1 Fixity and Fluidity in Sociolinguistic Theory and Practice
Jürgen Jaspers and Lian Malai Madsen
Introduction
Multilingualism is an established topic in the study of language. Self-evident as this statement is, it is useful to remember that up until some 60 years ago it was something of a fringe topic, at best, in the broad field of linguistics, pursued by scholars who dared defy the motto that real linguists should investigate the systematicity of speakers’ cognitive abilities for producing language by relying on introspective intuitions of their own (and singular) native language. Studying multilingualism at the same time has long run up against popular assumptions that it is an exceptional, deviant phenomenon, or that it delays learning and causes linguistic deficiency—assumptions indebted to a predominant view, at least in the West, that communities are naturally monolingual, and to common sense metaphors of the mind as a limited container with room for only one complete language. That the first sentence on multilingualism on the Linguistic Society of America’s website, to take one professional organisation, still posits that ‘[c]ontrary to what is often believed, most of the world’s population is bilingual or multilingual’, illustrates the extent to which a scientific interest in the topic has been accompanied by normalising it as a social fact.
While it would be rash to claim that these fears and misgivings are a thing of the past, it is difficult to ignore the currently more receptive societal climate for multilingualism. Just as diversity has become a corporate value, managerial and policy discourse (especially at EU level) is now rife with praise for multilingualism. In addition, the wider public has not been insensitive to its value, bearing in mind the growing interest in linguistic immersion or content and language integrated learning, attracted by promises of cognitive advantages or increased job opportunities.

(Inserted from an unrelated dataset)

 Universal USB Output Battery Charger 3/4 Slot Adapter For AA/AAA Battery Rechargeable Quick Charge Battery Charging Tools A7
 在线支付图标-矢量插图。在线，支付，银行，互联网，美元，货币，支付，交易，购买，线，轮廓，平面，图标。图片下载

Multilingualism today matters, then, even if it matters mostly in economic rather than cultural terms, and even if, as several authors have pointed out, the type of multilingualism that is seen to matter in fact concerns a set of parallel monolingualisms, preferably of Western-European cut (see, for example, Heller 2007; Moore 2015).

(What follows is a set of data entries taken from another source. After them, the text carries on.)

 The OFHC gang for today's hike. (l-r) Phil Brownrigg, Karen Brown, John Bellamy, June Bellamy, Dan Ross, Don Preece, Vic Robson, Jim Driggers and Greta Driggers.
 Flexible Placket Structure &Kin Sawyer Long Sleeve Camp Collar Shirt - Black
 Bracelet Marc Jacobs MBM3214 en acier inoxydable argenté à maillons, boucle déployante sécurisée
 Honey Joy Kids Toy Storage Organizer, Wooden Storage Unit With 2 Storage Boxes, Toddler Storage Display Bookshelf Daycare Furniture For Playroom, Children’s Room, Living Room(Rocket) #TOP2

It is somewhat ironic, therefore, that multilingualism as a term, just when it has become a self-evident topic in the academy and beyond, is facing increasing dissatisfaction among sociolinguists who have been proposing a range of alternatives such as translanguaging, polylingualism and metrolingualism, among others. The main reason for proposing these and other terms is that they shift away from a focus on multiplying, switching or mixing distinct codes whenever speakers combine features that conventionally belong to separate ‘languages’, in favour of a focus on how speakers flexibly combine linguistic features of whatever pedigree, in line with local perceptions of language. Describing behaviour as multilingual may be correct if it corresponds with participants’ conscious alternation of what they see as several linguistic codes (‘French’, ‘Danish’). But on other occasions, such a description is jumping to conclusions, it is argued, since speakers may not regard what they say as ‘using multiple codes’ but as ‘the normal way of speaking’ or as ‘using one code’ if not a ‘continuously changing’ one. The prefix ‘multi’ thus merely pluralises language; it does not help with understanding its complexity (Otsuji & Pennycook 2010: 243). Sociolinguists moreover maintain that the occasions where multilingualism is inadequate for capturing language use are starkly increasing in (often urban) settings characterised by intense migration, mobility and communication technology, and that fluid language use is unnecessarily stigmatised or misrecognised, especially in education. The newly proposed terms for language thus strike several birds with one stone: they evoke a theoretical perspective that overcomes conventional ways of understanding language; they describe fluid linguistic behaviour that deviates from these conventional understandings; and they help draw attention to the normality and the ubiquity of linguistic practices that policymakers are hesitant to register on their discursive radar.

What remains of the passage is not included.